Also, I've published 8 fics in total of these two and I plan on publishing at least one more (once I finish that goddamn WIP almost one year in the making) and I have ideas for at least one more fic that's gonna be multichaptered and told from the POV of both of them. These fictional guys made me create and participate in a fandom in a way I never have before.
5. Do you have any poly ships? I do actually! :D I don't have that many, and the ones I have also always include a pair of people that I also ship just the two of them together as well, and which is usually my "main ship", but yeah, there are some.

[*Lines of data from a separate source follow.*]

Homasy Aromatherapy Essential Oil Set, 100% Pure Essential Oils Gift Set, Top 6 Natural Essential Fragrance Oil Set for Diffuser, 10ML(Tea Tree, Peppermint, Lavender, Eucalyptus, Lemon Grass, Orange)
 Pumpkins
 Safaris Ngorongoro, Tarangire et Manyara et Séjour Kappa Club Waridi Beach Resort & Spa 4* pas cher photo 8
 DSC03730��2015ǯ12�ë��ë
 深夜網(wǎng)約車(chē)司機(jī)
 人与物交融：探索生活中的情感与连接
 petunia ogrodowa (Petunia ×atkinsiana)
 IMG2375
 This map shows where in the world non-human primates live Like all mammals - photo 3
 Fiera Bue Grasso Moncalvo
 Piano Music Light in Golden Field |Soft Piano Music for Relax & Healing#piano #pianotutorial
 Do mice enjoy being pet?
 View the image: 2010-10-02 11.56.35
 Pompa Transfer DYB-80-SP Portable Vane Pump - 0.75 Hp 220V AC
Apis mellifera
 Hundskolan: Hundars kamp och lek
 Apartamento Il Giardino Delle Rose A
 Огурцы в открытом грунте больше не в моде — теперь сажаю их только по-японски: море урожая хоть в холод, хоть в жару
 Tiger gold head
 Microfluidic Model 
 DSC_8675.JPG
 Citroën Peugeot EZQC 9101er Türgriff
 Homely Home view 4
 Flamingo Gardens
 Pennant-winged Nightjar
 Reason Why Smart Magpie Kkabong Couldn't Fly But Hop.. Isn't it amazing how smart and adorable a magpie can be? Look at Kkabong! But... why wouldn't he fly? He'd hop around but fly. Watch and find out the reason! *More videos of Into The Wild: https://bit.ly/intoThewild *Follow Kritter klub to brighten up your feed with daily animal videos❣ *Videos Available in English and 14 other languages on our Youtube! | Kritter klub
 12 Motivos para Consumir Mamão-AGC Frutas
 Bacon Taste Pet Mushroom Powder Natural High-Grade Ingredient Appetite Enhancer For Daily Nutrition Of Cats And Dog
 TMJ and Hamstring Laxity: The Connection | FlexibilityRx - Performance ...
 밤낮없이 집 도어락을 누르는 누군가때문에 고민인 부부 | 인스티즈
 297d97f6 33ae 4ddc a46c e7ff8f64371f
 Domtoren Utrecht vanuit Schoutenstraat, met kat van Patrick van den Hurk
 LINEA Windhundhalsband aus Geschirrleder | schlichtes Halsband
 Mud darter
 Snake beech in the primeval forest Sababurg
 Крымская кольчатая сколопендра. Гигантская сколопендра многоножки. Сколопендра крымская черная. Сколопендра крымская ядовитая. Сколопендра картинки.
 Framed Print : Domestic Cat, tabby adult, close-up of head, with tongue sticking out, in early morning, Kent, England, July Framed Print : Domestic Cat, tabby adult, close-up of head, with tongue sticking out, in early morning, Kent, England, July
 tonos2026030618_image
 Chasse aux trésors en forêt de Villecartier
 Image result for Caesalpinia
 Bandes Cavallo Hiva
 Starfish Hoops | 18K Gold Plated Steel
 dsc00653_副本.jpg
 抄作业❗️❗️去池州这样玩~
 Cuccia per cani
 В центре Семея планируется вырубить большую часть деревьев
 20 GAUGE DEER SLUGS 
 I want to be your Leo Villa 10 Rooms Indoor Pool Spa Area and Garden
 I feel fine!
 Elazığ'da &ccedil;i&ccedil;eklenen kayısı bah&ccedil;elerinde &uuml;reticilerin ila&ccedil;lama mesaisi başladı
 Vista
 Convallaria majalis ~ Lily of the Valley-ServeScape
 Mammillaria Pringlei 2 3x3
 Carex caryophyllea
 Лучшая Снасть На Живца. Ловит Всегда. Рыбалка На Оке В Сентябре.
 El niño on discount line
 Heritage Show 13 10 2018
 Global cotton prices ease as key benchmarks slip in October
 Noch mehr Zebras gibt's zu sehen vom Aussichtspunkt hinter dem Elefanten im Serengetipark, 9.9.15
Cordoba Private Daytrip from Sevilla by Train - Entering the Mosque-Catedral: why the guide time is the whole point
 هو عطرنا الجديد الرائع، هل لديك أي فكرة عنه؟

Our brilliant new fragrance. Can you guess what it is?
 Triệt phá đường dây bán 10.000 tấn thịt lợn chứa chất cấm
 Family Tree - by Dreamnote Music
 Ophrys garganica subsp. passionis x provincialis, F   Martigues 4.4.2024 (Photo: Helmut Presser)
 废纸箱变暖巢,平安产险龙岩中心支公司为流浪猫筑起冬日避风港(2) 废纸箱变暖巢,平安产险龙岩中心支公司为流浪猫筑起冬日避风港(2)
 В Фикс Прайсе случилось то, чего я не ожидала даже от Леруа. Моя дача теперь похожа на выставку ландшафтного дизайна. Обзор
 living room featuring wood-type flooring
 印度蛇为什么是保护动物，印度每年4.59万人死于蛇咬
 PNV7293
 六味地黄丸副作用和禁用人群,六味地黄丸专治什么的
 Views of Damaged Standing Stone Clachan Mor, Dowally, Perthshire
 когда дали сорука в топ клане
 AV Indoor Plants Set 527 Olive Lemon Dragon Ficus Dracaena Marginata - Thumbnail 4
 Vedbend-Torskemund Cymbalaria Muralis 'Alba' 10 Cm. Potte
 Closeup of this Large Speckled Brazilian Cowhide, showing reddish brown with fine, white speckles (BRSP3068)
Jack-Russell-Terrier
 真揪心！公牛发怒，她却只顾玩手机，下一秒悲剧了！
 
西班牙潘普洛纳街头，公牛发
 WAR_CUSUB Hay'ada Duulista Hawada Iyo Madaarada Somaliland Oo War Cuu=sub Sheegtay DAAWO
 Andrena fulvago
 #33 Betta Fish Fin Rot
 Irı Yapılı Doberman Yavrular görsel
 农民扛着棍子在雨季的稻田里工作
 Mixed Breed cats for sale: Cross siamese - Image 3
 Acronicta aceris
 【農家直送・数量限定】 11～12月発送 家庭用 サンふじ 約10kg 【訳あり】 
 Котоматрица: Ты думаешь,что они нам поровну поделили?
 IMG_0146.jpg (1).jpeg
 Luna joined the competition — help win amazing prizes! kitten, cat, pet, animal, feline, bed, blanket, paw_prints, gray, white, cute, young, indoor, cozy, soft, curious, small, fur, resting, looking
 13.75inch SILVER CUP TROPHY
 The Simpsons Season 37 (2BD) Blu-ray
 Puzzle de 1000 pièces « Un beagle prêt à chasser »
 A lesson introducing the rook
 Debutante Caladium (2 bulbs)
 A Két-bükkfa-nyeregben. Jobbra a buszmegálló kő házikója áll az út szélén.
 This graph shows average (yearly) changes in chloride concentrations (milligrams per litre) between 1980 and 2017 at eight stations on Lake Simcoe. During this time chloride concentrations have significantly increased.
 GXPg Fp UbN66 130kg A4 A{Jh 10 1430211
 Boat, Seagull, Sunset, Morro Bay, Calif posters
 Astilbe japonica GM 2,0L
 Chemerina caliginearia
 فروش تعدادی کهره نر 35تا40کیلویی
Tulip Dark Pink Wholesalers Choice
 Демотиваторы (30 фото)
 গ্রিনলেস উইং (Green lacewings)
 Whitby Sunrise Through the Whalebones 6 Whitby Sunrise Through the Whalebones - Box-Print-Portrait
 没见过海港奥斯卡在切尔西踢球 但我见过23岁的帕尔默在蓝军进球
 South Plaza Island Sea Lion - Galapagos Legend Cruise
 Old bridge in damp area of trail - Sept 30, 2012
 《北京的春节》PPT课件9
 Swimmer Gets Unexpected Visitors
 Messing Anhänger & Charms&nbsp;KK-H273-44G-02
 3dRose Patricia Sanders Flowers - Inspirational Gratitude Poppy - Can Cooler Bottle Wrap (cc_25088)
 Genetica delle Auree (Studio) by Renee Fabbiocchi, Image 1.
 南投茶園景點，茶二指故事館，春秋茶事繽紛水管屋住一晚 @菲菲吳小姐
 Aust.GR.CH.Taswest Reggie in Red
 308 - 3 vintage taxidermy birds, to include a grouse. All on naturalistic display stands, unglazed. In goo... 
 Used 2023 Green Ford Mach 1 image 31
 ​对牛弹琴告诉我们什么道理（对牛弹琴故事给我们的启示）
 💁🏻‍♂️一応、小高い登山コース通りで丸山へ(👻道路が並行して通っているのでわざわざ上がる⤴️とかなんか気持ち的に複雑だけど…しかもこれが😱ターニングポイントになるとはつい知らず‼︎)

There's the Triumvirate from Star Trek aka Kirk/Spock/McCoy (or McSpirk). Obviously my OTP in Star Trek fandom is Spirk... but I also ship just Kirk and McCoy together, as well as just Spock and McCoy. And then all three of them together, lol.
Talking about another big scifi franchise, Star Wars... I don't ship Luke and Leia together, but I do think they can both definitely date Han at the same time. 😏 But again, I also ship Han with both Leia and Luke separately as well.
I know I haven't really talked about Dragon Age here in a long while, but from Dragon Age 2 I have OT3 which is Hawke/Anders/Fenris. But once again I also ship all three of these characters separately with each other as well because that's how I roll. (I also have another poly!ship from the Inquisition but that actually includes my OC Inquisitor as one of the characters I ship so I won't be going into that)
When I was really into Queen a couple years back I had my certain favourite ships obviously... but I also read many amazing OT4 fics of the whole gang together. 😂
And now that I've really been into Cobra Kai and Lawrusso lately... Well, I also lowkey ship Daniel/Johnny/Amanda. I really enjoy this headcanon of Johnny ending up in bed with the LaRussos one time and then one time becomes two becomes three and he's just torn because he actually has feelings for them but also surely this wealthy, happily married couple is just enjoying having him as their boytoy and nothing else? and then he gets proved wrong I've read some good fics about these three with variations of this headcanon, but I would read a lot more - if there were any! 👀
8. Have you ever shipped yourself with a character? Honestly? No. I guess it's the aro in me, because even when I really like a character and find them cute or hot or whatever, I still never have any desire to get myself involved in any way, not really. I want to appreciate from afar, not get myself involved in this mess. 😂
10. Do you ship any characters that have never met? Way back in time when there was only one season of BBC Sherlock (I think?) I used to ship Lestrade with Mycroft even though they never were seen interacting with each other, lol.
And in Dragon Age I have this very niche ship that is Dorian/Fenris. Potentially they could've met. But in the canon they have not. (I am only familiar with the actual games and have not read any of the comics/visual novels so if they have met there, then I have no knowledge of that whatsoever.)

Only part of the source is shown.